# Exercise prompt
Could you give the data below again exactly, apart from the pictures?

# Dataset section

◇ ◇ ◇

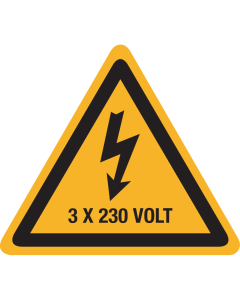 Sticker met pictogram / spanningsaanduiding "Waarschuwing 3x230 volt" - ISO 7010 - W012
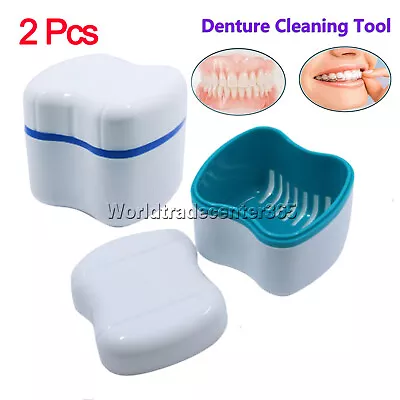 2PC Dental False Teeth Container Denture Box Storage Case Cleaning Holder Travel • $9.99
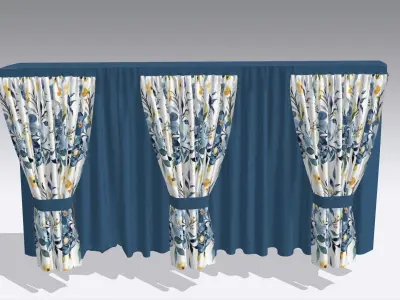 Curtain Low-poly 3D model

◇ ◇ ◇

# Solution for this problem
 Sticker met pictogram / spanningsaanduiding "Waarschuwing 3x230 volt" - ISO 7010 - W012
 2PC Dental False Teeth Container Denture Box Storage Case Cleaning Holder Travel • $9.99
 Curtain Low-poly 3D model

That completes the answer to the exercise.